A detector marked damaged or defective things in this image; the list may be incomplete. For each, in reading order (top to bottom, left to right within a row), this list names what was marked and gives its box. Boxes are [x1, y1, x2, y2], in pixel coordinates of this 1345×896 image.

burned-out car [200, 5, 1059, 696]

==

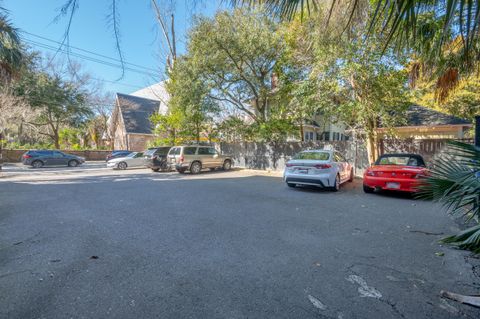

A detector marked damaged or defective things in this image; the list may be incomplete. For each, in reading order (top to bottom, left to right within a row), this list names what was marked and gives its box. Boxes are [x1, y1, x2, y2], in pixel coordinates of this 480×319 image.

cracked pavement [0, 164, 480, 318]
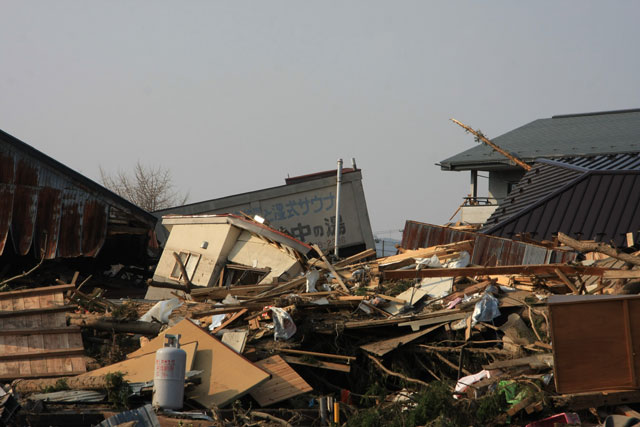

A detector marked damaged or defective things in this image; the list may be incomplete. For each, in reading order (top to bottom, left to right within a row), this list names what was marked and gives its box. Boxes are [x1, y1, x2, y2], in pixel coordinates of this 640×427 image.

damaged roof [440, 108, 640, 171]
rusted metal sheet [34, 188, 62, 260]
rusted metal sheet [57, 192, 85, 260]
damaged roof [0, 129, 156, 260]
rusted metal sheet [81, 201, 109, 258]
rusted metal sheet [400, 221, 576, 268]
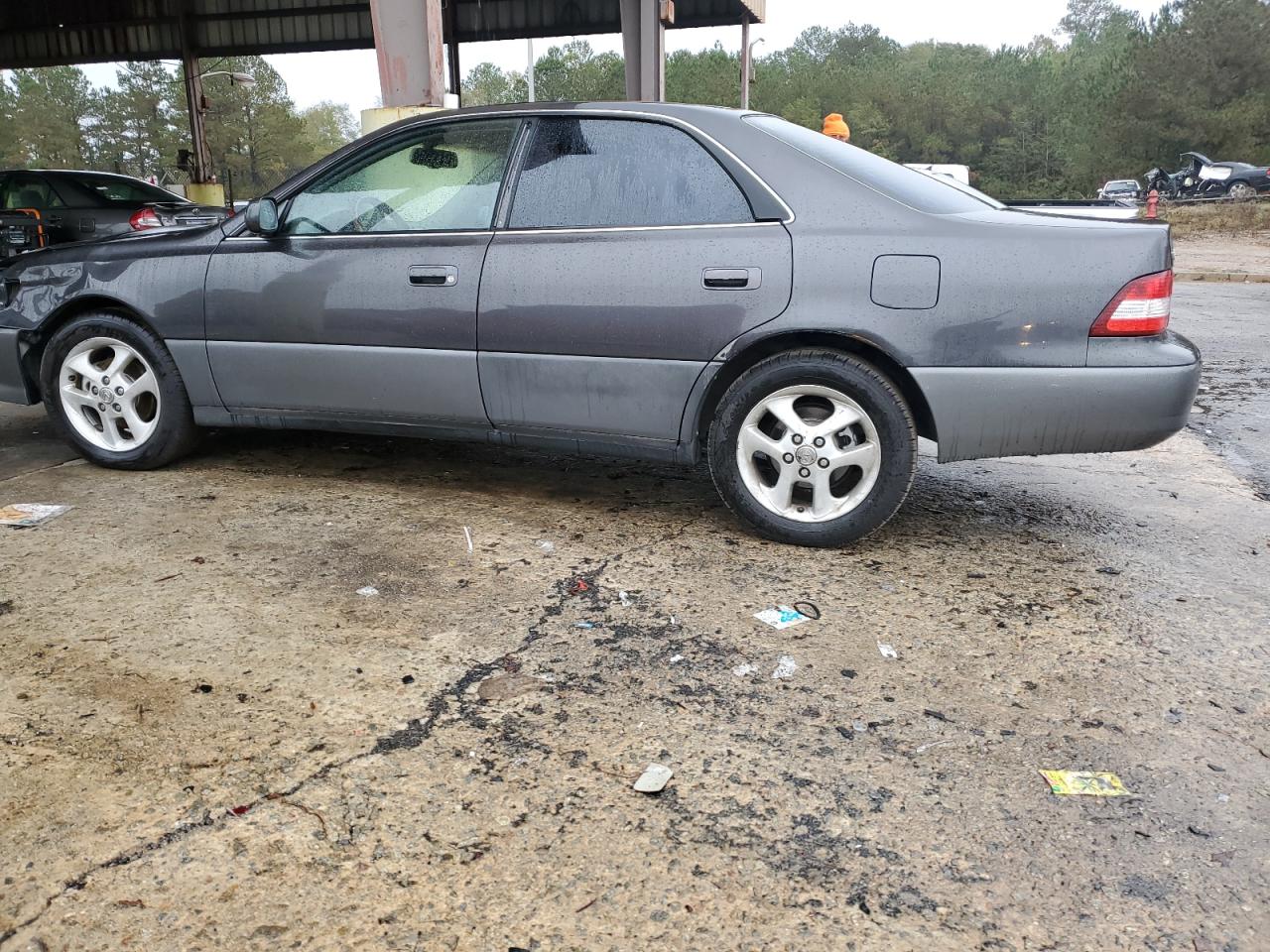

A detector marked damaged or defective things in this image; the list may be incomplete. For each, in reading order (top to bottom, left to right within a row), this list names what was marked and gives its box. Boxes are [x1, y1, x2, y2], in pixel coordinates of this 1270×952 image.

> **What the task asks**
Give again the stretch of lines above from the one with "this 480×319 image." through the one with "this 1270×952 image.", both ends kept, and copy no pictures.

> **Written solution**
A detector marked damaged or defective things in this image; the list may be incomplete. For each, in reading order (top to bottom, left to right within a row), this list names what was marked and gives its box. Boxes are [x1, y1, x2, y2], in pixel coordinates of this 480×319 image.

cracked pavement [0, 164, 480, 318]

A detector marked damaged or defective things in this image; the list may be incomplete. For each, in reading order (top to bottom, left to right within a row), this list names what was marked and gives its box. Boxes are [x1, y1, x2, y2], in pixel coordinates of this 640×427 image.

damaged roof [440, 108, 640, 171]
rusted metal sheet [34, 188, 62, 260]
rusted metal sheet [57, 192, 85, 260]
damaged roof [0, 129, 156, 260]
rusted metal sheet [81, 201, 109, 258]
rusted metal sheet [400, 221, 576, 268]

A detector marked damaged or defective things in this image; the list may be incomplete. For each, in reading order (top to bottom, left to right within a row), this list names what was marked and gives its box. Boxes are [x1, y1, x2, y2], in pixel coordinates of this 1270×952 image.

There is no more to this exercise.